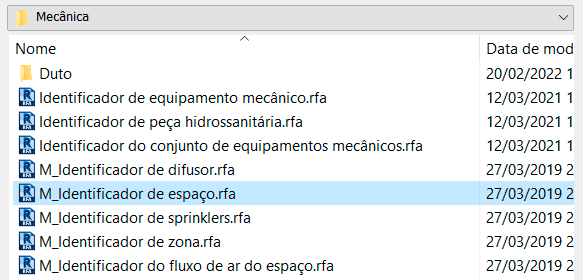identificadores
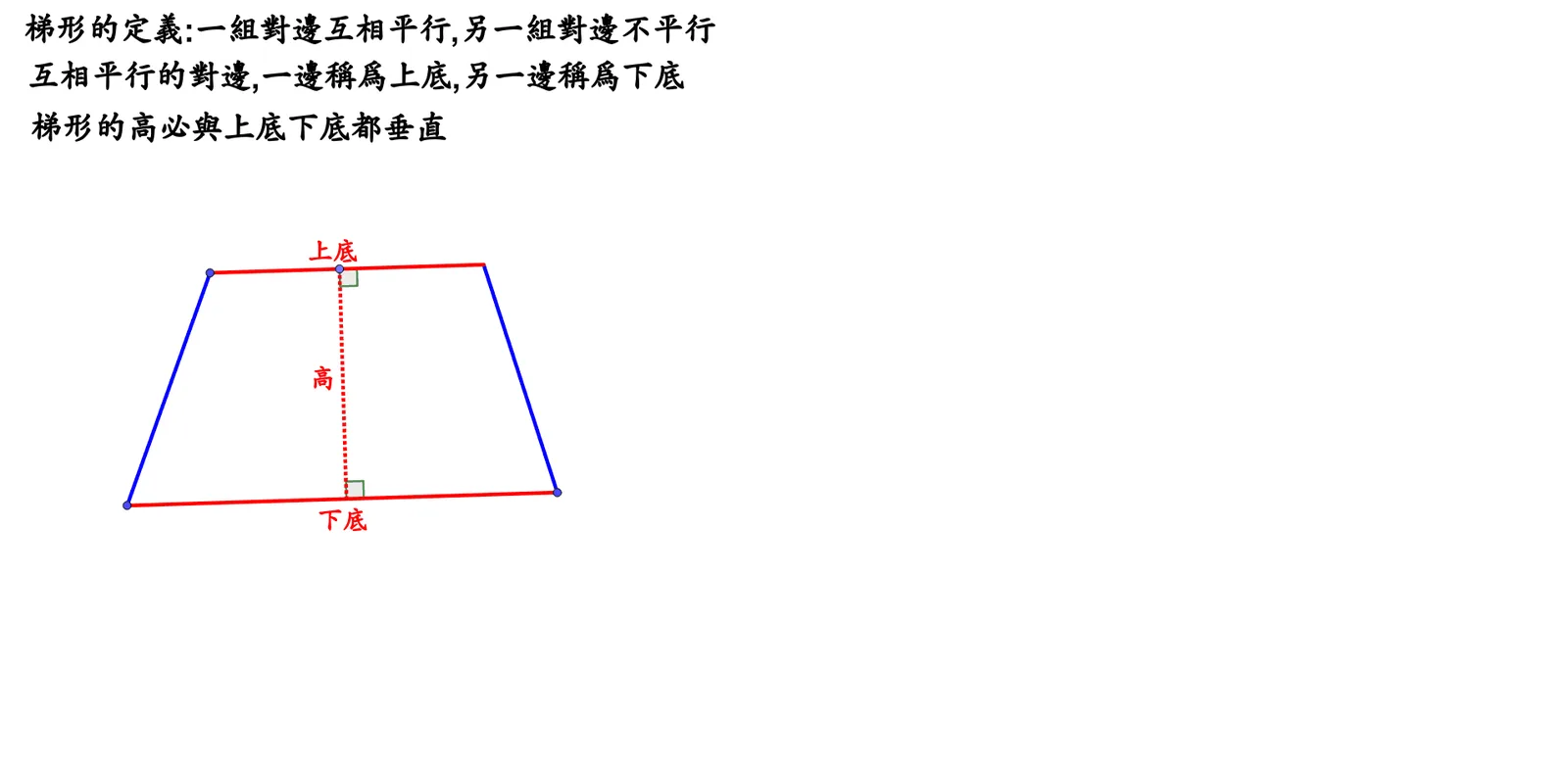 梯形的高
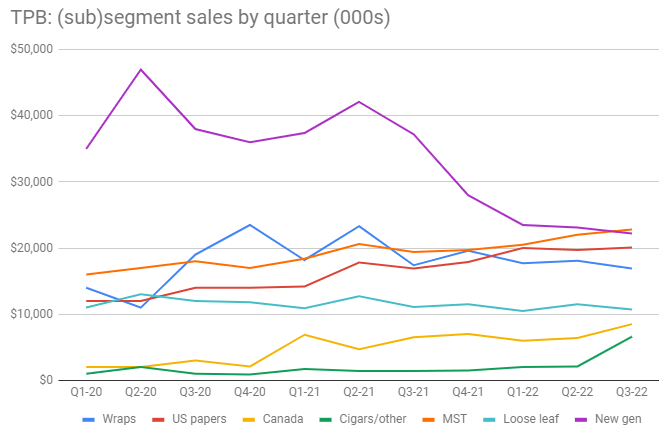 TPB: subsegment sales by quarter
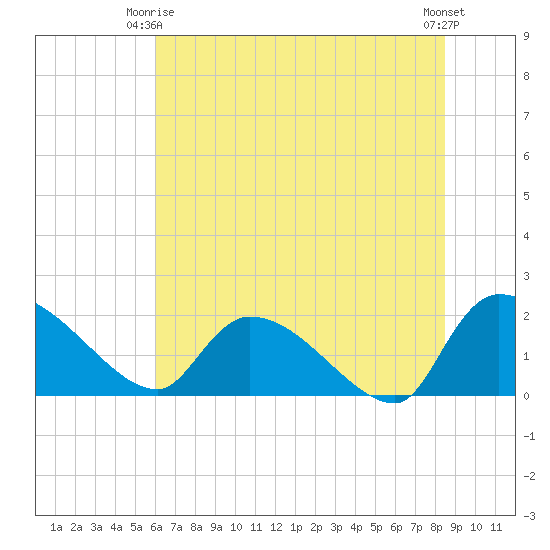 Socastee Bridge tide chart for Friday, June 16, 2023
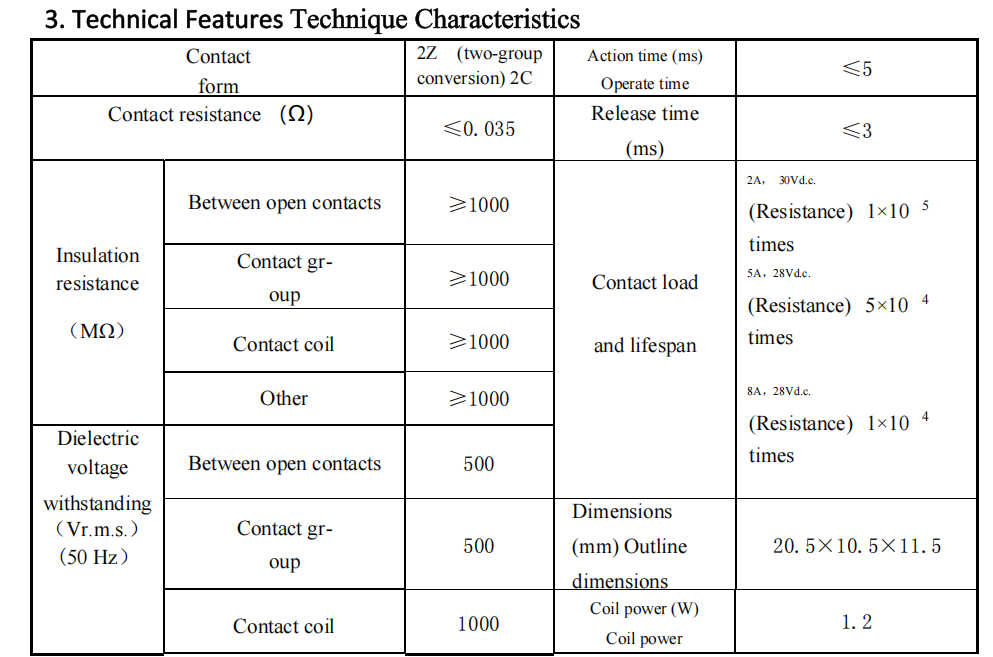 Military Relay JZC-200MD 27V Internal View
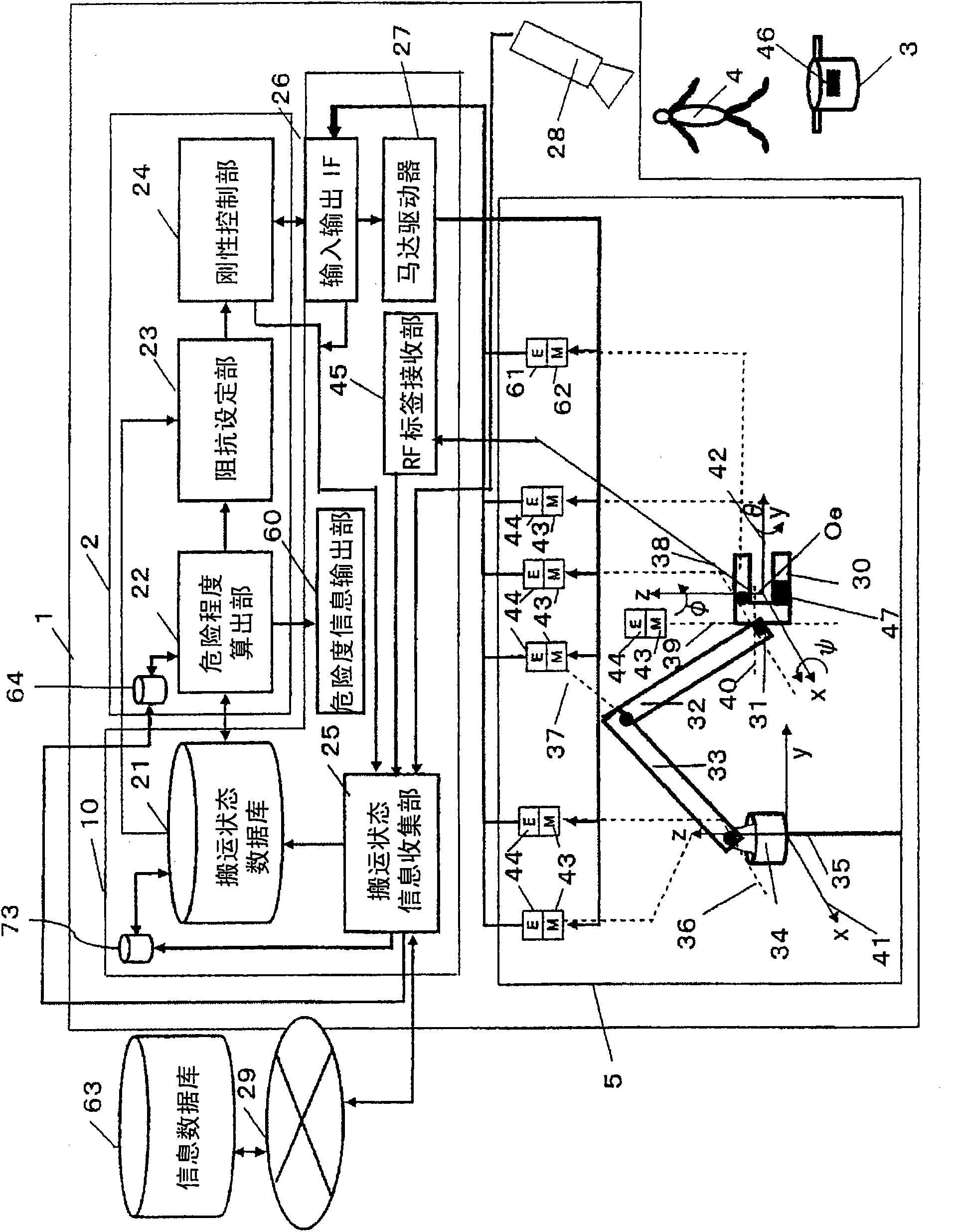 Apparatus and method for controlling robot arm, and robot and program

★ ★ ★ ★ ★

**Directions:**
Pictures are not part of the copy. Restate everything else in the listing word for word.

**Result of this task:**
identificadores
 梯形的高
 TPB: subsegment sales by quarter
 Socastee Bridge tide chart for Friday, June 16, 2023
 Military Relay JZC-200MD 27V Internal View
 Apparatus and method for controlling robot arm, and robot and program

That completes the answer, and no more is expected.